The right to repair is a legal concept that allows you and other third-party service providers to repair and modify your devices. Many manufacturers are attempting to take this right away from consumers and some have already done so by restricting the availability of parts and hardware used in the manufacture, so the consumers are forced to return the device to have it repaired. This of course gives them the power to charge an arbitrary sum of money for the service as they are the sole provider. It also forces the customer to ship the device to the manufacturer’s service outlets which may be expensive if there is none in their area. But most importantly, it takes a fundamental freedom of ownership of the device from the user. The user is not allowed to modify or repair a device they purchased or take it to a third-party provider such as computer repairs Smithfield. This has been met with heavy criticism although many companies still lobby governments and exercise they corporate power to take away your right to repair your own devices.

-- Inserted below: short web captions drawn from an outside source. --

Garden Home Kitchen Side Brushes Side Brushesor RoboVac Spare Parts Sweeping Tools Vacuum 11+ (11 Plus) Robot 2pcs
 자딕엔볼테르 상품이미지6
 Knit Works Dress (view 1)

Although this article will focus on digital devices and computers, this is also applicable to vehicles, appliances and basically any hardware that is commercially available. Although the issue began in the 1950s relating to computers, it gained traction as auto manufacturers began to impose similar restrictions on vehicle repair. Today, companies like Tesla and John Deere impose software locks on their vehicles which force owners to visit an authorised repair centre or risk having their vehicle disabled via software. This heavily impacts farmers who rely on John Deere tractors and farming equipment for their livelihood and may not have the time or the resources to have it repaired by an authorised service centre, especially if there are none in the area.

One of the primary issues with the lack of right to repair is that it essentially bars small electronics stores from participating in the economy via repair services. Many small businesses can repair devices faster and at a much lower cost than authorised service centres as they are available almost anywhere and are open to operating in unconventional hours or devices. Moreover, with access to the exact hardware in the devices, they can perform small repairs for small fees. However, with manufacturers like Apple preventing their suppliers from selling to third parties, a device with an issue in a small component in its motherboard would need the entire board replaced as the component is no longer sold separately. This allows manufacturers to restrict the right to repair without legally banning it. Therefore, advocates for the right to repair propose legally enforcing the right to repair by preventing manufacturers from forcing their suppliers to agree to exclusivity arrangements as well as preventing them from software-locking the functionality of the device if it detects third party hardware.

Many see this infringement of the right to repair as an effort to move from companies selling devices to companies selling the right to use the devices, similar to the software as a service model.